The STAR learned that NTC initially wanted to order the local telcos to open their circuits and maintain the old rates but decided against it. Instead, it left the matter for the telcos to decide.
In their separate petitions to the US FCC, AT&T and WorldCom asked that, as an interim relief, US carriers be prohibited from making payments to the Philippine carriers until their international service is fully restored.
Once the service is fully restored, AT&T and WorldCom asked FCC to direct US carriers to pay no more than the lowest international settlement rate previously agreed to with the local telcos retroactive to Feb. 1, 2003
Named respondents in AT&Ts petition before the FCC are Philippine Long Distance Telephone Co. (PLDT), Globe Telecom, Digital Telecommunications Phils. Inc. (Digitel), Bayan Telecommunications (Bayantel), Smart Communications, and PLDT subsidiary Subic Telecom while WorldComs petition included only PLDT, Smart, and SubicTel.
Local telcos insist that the new rates have already been accepted effective Feb. 1 by a majority of the largest telecommunications carriers worldwide such as those in Canada, Singapore, Hong Kong, United Kingdom, Japan, Australia, Germany, Malaysia, Indonesia, Portugal, among others.
In the US alone, more than 14 telcos have started to implement the new rates, including Sprint, one of the biggest telecommunications providers in the US.
Meanwhile, sources from PLDT said that they are now in the process of preparing submissions, including comments/opposition to the petitions and the requested interim relief through the companys US counsel.
The countrys largest telco maintained that termination rates are governed by bilateral commercial agreements between the parties.
"AT&T and WorldComs termination rate agreements with PLDT expired in December 2002. Prior to this, PLDT had given notice to them of its intention to increase termination rates and since then had been in discussions and negotiations with them in respect of such termination rates," PLDT officials explained.
They added that on Dec.13, 2002, PLDT sent notice that it will implement that rate increase Feb. 1, 2003. "The termination rate agreements of AT&T and WorldCom lapsed in Dec. 2002, without them agreeing with PLDT any provisional arrangement or permanent agreement on the new termination rate for continuity of service," PLDT said.

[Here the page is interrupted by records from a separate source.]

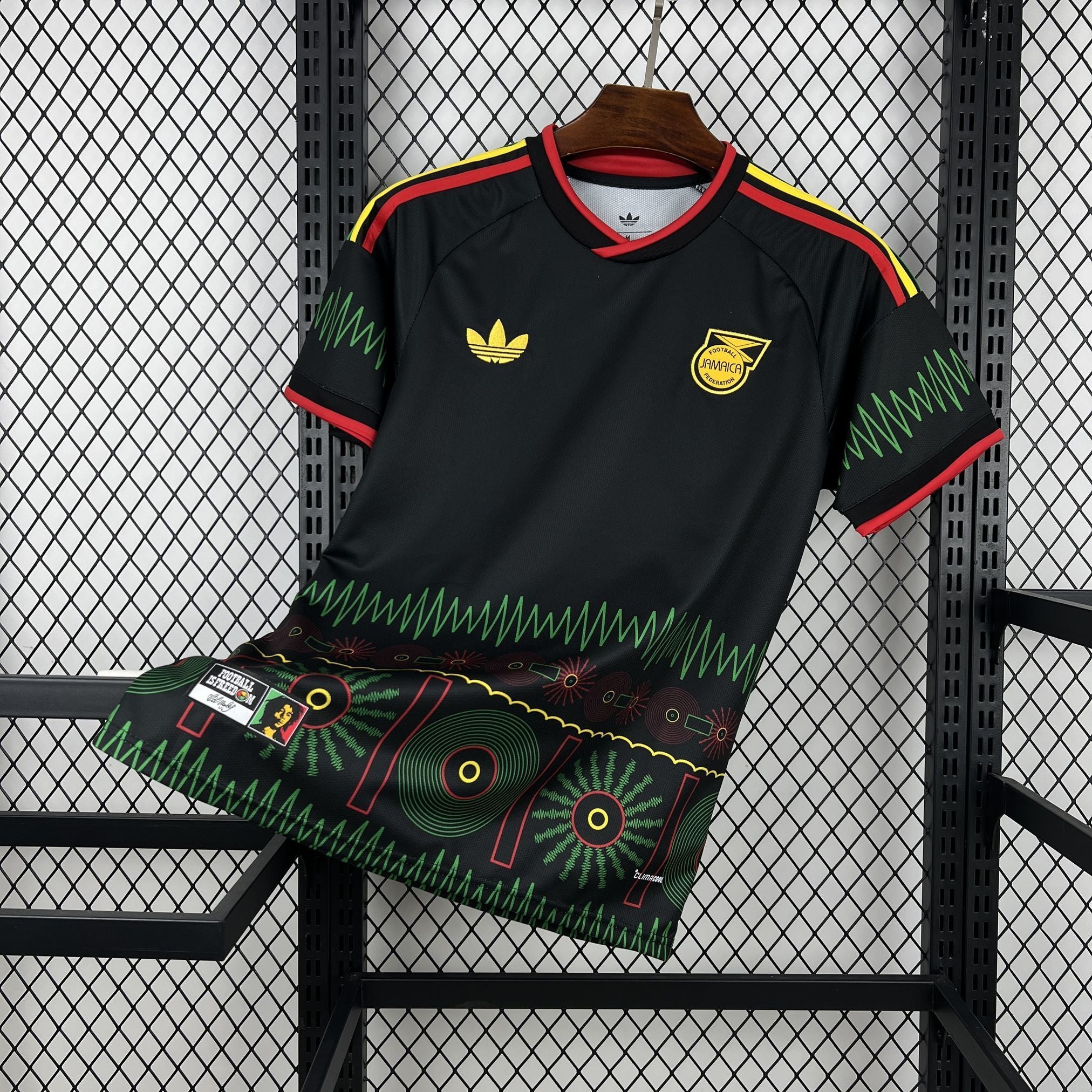 2026 Jamaica x Bob Marley Away Jersey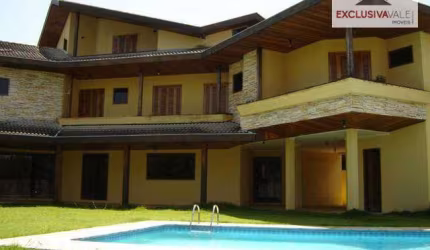 Casa com 5 dormitórios à venda, 700 m² por R$ 4.300.000,00 - Conjunto Residencial Esplanada do Sol - São José dos Campos/SP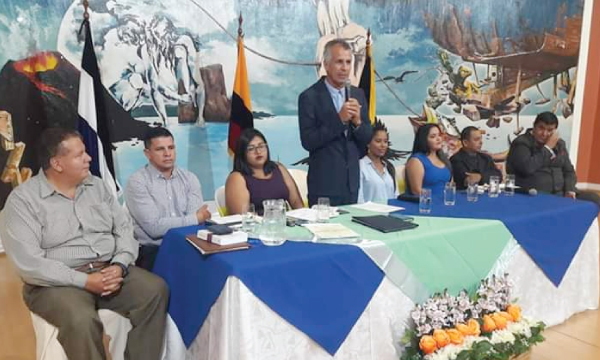 CREO inaugura sus primeras autoridades seccionales en el archipiélago de Galápagos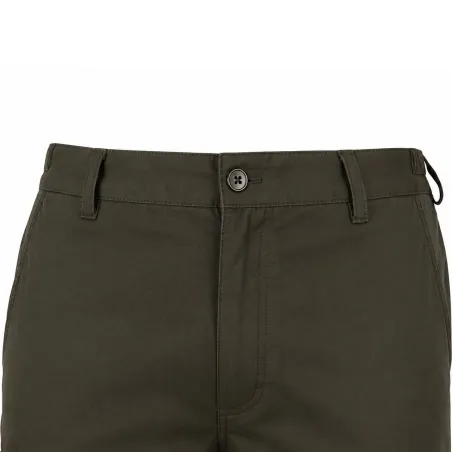 Pantalon polycoton noir résistant 36-60 pour élevage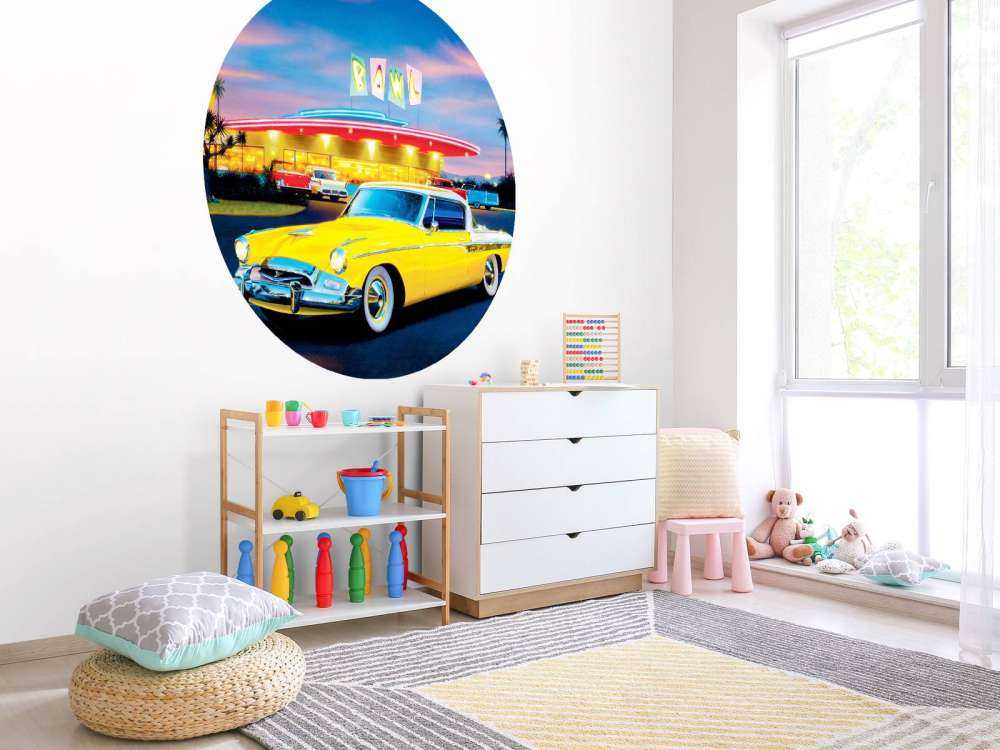 Yellow Studebaker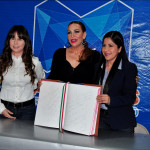 Conmemoran Lety y Lizy Día Internacional de la mujer con magna presentación de María del Sol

PLDT explained that its termination rate increase to 12 cents a minute from eights cents for those to landline networks is below the FCCs benchmark rate of 19 cents per minute for low middle income economies, such as the Philippines. It is also substantially below the International Telecommunications Union (ITU)-suggested target settlement rate of 23.8 cents for countries like the Philippines with teledensity between one to five telephones per 100 population. "As of today, PLDT has already concluded agreements for new termination rates with 92 carriers worldwide. With respect to AT&T and WorldCom, PLDT remains open to negotiate an agreement on the new rate," it said.